(Captioned web image data)
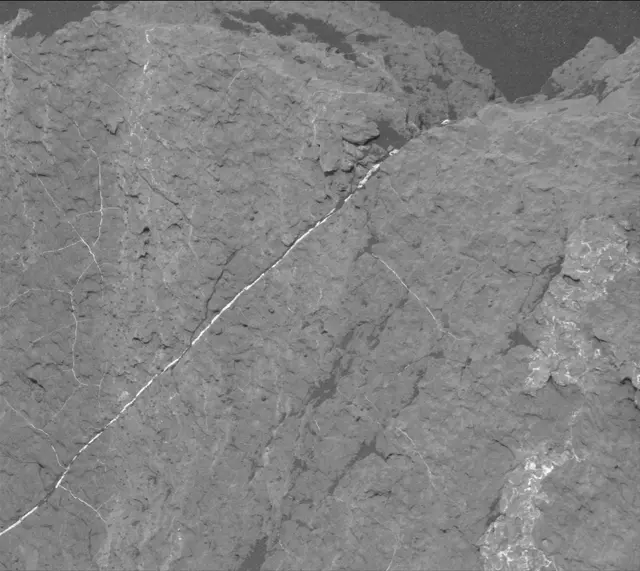 Sol 1634: Mast Camera (Mastcam)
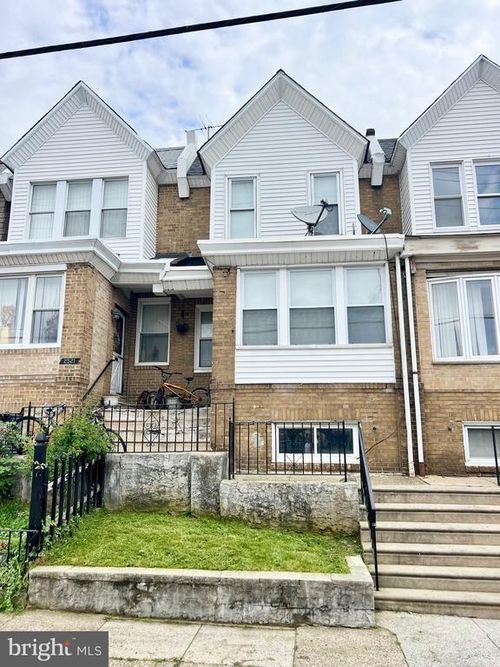 2523 S 66th St, PHILADELPHIA, PA, 19142-2801 | Card Image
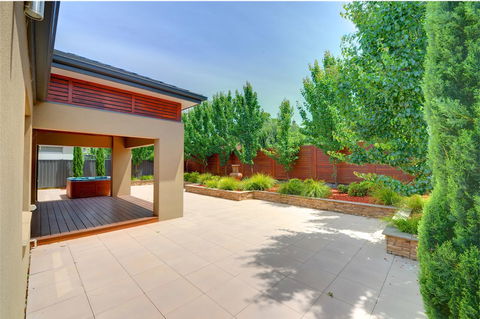 Newington Lakehouse - Gold Coast 4U 11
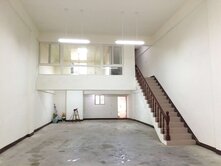 先嗇宮捷運光復路二段透天廠辦
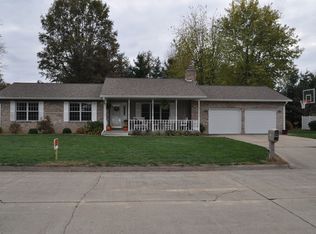 907 McCane Dr, Olney, IL 62450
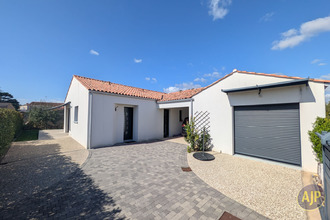 Ma-Cabane - Vente Maison SAINT-MICHEL-EN-L'HERM, 144 m²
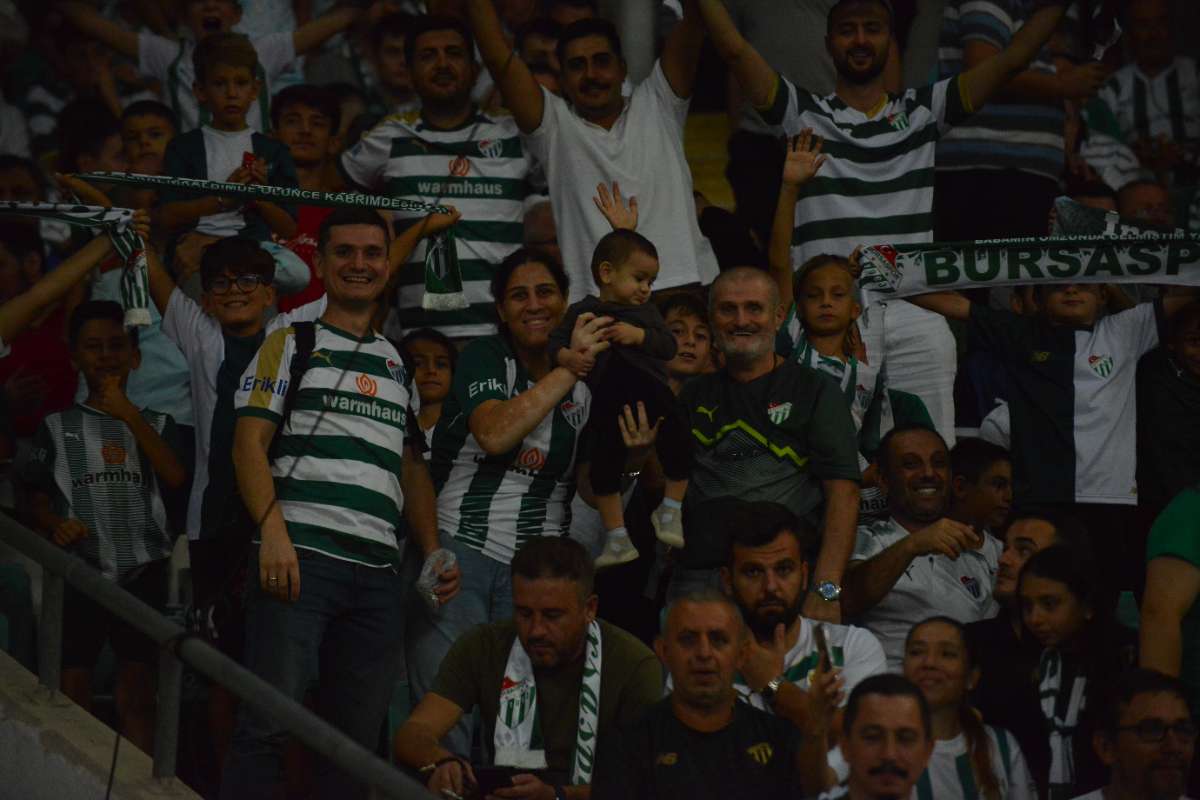 (FOTO GALERİ) Bursaspor-Arnavutköy Belediyespor Maçı Taraftar Fotoğrafları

◆ **ASSIGNMENT**: Print the records exactly, every one. Leave out the pictures.

◆ **TASK SOLUTION**:
 Sol 1634: Mast Camera (Mastcam)
 2523 S 66th St, PHILADELPHIA, PA, 19142-2801 | Card Image
 Newington Lakehouse - Gold Coast 4U 11
 先嗇宮捷運光復路二段透天廠辦
 907 McCane Dr, Olney, IL 62450
 Ma-Cabane - Vente Maison SAINT-MICHEL-EN-L'HERM, 144 m²
 (FOTO GALERİ) Bursaspor-Arnavutköy Belediyespor Maçı Taraftar Fotoğrafları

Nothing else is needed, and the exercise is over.